I just returned from Salesforce.com's annual user conference in San Francisco. It's astounding to me how much this conference has grown and changed over the years; the speakers, the sessions, the parties and rock concerts, the partner expo, and the much anticipated product announcements. I have to admit there are times when I miss the familial feel of old days, but it's also been really exciting to watch Dreamforce become the "must attend" event of the year for over 45,000 people.
Rather than trying to recap everything I saw and learned this year, I've decided to focus on one area that is near and dear to my heart, data. My favorite session at this year's conference was the "Roadmap Sneak Peak: The Future of Analytics in Salesforce" led by Mr.
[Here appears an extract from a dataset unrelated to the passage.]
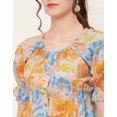 thumbnail image 6 of Moomaya Printed Cinched Waist Top, Half Sleeve Round Neck Retro Tops For Women, 6 of 8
Thomas Tobin, Director of Product Management at Salesforce.com and data guru extraordinaire. This session moved quickly and was packed with information. I did my best to take notes and keep up. As with any roadmap there are likely to be changes, but I'd like to share with you some of the features introduced that I'm most excited about.
Exception reporting – Partially addressed with custom reports but not fully. Have you ever been asked to run a report of all accounts without an opportunity? How about leads with no scheduled activity in the next 30 days? Salesforce feels our pain.
Custom Reports (one parent, many children) – I love this. At ReadyTalk we have several custom objects tied to our contact, or customer records. Currently I have to run multiple reports to see all of their relationships with us. Now I'll be able to look at individual web and audio usage, along with their customer survey responses, and see if their participating of any of our product pilot programs. All in one report!
Joined reports – No more dumping multiple reports into excel to show metrics on a single data point. In the not too distant future we'll be able to run those reports right in Salesforce and group them by a common field, like account owner, or opportunity close date. Nice.
Some other cool enhancements we have to look forward to include "bucketing" or creating custom report fields without having to add them permanently to a record object. Dynamic Dashboards will allow us to filter multiple dashboard components by a single filter field. And how about uploading external data sets into Salesforce as a single reporting source for all companywide metrics. Salesforce as a Business Intelligence tool? Bring it!
Any administrator who loves the reporting and dashboard features of Salesforce, but also knows their shortcomings, had to walk away from this session with a smile. I know I did. In fact it may have been the first time that the entire development team was on hand for a breakout, and received a standing ovation from the crowd when introduced. Well done guys. See you all at Dreamforce 2012!